▼

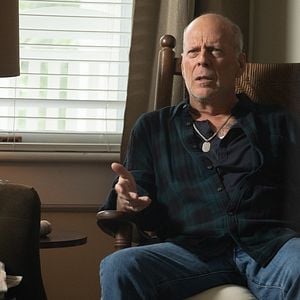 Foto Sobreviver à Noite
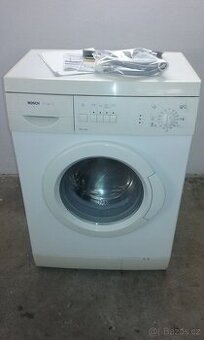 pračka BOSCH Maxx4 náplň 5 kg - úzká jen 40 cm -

▲
▼

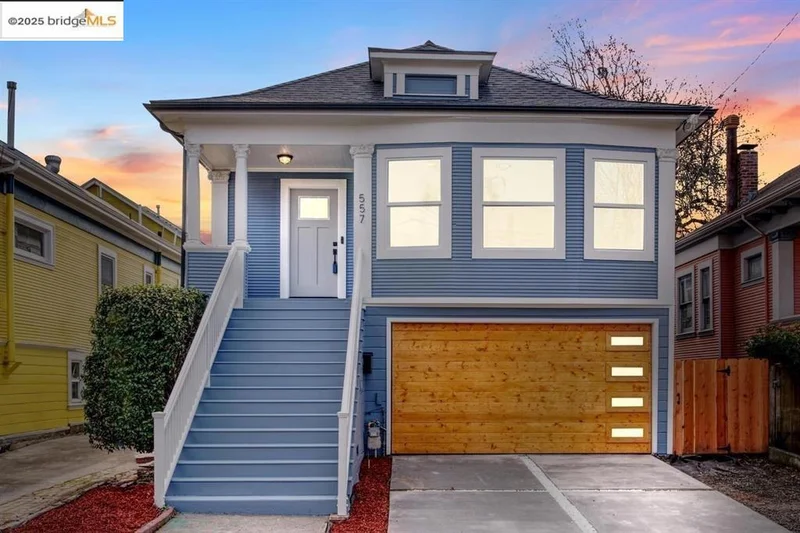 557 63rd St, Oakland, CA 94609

▲
▼

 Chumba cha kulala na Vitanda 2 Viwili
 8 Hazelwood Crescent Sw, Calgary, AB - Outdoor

▲

YOUR ASSIGNMENT -
In the listing above, the lines from the one containing "Chumba cha kulala na Vitanda 2 Viwili" through the one containing "8 Hazelwood Crescent" must be set down exactly, with no other lines.

WRITTEN RESPONSE -
 Chumba cha kulala na Vitanda 2 Viwili
 8 Hazelwood Crescent Sw, Calgary, AB - Outdoor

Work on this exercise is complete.